The Hubble Space Telescope, with its Advanced Camera for Surveys, has taken a peek at the most distant galaxy clusters ever seen. The astronomers found “embryonic” galaxies in a “proto-cluster” of galaxies, named TN J1338-1942, that they estimate formed a mere 1.5 billion years after the Big Bang. This find has been reported in the Jan. 1 issue of Nature.1
The same astronomers had earlier found a cluster named RDCS 1252 that, by 5 billion years after the Big Bang, looked already mature. The Hubble ACS was used to image the two clusters to study their evolution.
One of the astronomers, John Blakeslee (Johns Hopkins University) remarked, according to the Hubble press release, “Until recently people didn’t think that clusters existed when the universe was only about 5 billion years old.” Another co-author of the paper, George Miley (Leiden University, Netherlands) added, “until recently astronomers thought it was almost impossible to find clusters that existed 8 billion years ago.” The new finding pushes the date of early galaxy and cluster formation even further back, to less than 10% the assumed age of the universe.
The newly-discovered cluster RDCS 1252, is virtually indistinguishable from later galaxy clusters. The Hubble press release states:
“The cluster RDCS 1252 looks like a present-day cluster,” said Marc Postman of the Space Telescope Science Institute in Baltimore, Md., and co-author of both research papers. “In fact, if you were to put it next to a present-day cluster, you wouldn’t know which is which.”
The proto-cluster TN J1338 has a dominant galaxy that appears to be “producing spectacular radio-emitting jets, fueled by a supermassive black hole deep within the galaxy’s nucleus.” The cluster RD1252 may have thousands of member galaxies, of which only a few are detectable at visible wavelengths.
Miley et al., “A large population of ‘Lyman-break’ galaxies in a protocluster at redshift z=4.1,” Nature 427, 47 – 50 (01 January 2004); doi:10.1038/nature02125.

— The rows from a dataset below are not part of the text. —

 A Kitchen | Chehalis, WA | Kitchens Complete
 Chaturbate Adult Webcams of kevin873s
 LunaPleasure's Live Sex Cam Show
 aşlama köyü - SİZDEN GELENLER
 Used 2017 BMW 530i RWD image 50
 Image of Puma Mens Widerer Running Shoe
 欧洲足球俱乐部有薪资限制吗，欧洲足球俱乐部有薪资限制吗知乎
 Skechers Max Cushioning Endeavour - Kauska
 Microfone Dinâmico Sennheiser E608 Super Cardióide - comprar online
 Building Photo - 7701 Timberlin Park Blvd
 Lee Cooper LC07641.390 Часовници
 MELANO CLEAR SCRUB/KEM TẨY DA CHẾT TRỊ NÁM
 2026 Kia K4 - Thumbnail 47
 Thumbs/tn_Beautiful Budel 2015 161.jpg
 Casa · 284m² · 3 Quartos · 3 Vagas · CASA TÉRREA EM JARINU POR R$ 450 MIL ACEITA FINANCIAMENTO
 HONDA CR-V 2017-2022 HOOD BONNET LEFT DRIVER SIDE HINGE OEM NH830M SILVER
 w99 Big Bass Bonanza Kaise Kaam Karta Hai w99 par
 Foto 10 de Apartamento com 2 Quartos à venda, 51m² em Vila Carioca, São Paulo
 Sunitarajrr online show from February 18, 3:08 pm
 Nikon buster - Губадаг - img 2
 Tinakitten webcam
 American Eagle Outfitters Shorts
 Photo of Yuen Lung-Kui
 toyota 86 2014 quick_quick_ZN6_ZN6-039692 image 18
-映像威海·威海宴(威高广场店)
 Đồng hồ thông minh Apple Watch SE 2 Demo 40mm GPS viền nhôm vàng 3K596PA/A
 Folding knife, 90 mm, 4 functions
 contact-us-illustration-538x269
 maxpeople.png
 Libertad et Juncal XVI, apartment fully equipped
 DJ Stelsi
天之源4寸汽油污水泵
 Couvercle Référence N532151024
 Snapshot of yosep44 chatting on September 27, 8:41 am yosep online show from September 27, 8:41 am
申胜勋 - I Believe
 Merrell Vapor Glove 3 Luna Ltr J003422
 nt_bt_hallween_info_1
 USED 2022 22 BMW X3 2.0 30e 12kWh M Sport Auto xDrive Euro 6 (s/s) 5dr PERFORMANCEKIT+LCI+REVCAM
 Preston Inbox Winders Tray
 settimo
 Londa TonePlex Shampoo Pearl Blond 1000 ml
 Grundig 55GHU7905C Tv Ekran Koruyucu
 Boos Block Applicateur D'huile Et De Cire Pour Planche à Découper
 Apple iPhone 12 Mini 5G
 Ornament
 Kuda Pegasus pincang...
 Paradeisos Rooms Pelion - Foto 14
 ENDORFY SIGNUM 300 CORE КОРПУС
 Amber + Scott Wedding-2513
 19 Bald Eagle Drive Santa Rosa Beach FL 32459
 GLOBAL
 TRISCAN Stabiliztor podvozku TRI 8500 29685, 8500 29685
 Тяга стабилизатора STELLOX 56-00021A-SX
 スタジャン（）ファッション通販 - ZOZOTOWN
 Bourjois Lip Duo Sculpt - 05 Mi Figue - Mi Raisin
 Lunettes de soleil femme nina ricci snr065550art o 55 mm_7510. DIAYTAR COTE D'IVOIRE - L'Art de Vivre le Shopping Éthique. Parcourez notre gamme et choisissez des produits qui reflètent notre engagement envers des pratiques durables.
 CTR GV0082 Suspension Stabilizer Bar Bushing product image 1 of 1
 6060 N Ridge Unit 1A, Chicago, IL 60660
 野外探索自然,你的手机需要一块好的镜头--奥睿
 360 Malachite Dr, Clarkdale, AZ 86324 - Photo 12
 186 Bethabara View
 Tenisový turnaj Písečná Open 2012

Observations such as these are on the bleeding edge of the possible, so one must be cautious interpreting the results. Sweeping aside the embedded assumptions about ages and evolutionary histories, there is nothing in these latest images to encourage old gradualistic cosmologies, and much to discourage them. The lumpiness problem in cosmology (i.e., too much structure too soon) has been a theoretical challenge for decades. Here is the lumpiness problem intensified. Not long after the origin of the universe, whenever that was, galaxies seem to be already mature enough to have black holes, heavy elements and grandchildren. This latest finding is another in a continuing trend of observations that show almost instantaneous structure from an assumed smooth beginning.
Hear the astronomers’ admissions. No one thought it was even possible to have so much structure so early. Not long ago, even an 8 billion year old cluster would have been thought impossible, and now 1.5 billion? How far can you stretch a theory before it breaks?
A similar situation is found in the fossil record, and in the observed complexity of the most “primitive” life on Earth. What is the common denominator in these three predicaments? Naturalistic philosophy: the belief that our universe is just unguided matter in motion. It’s not working. The Cambrian explosion in paleontology, the discovery of advanced molecular machines in bacteria, and the discovery of mature stars in the early universe were not predicted by evolutionary philosophers, and effectively falsify their assumptions.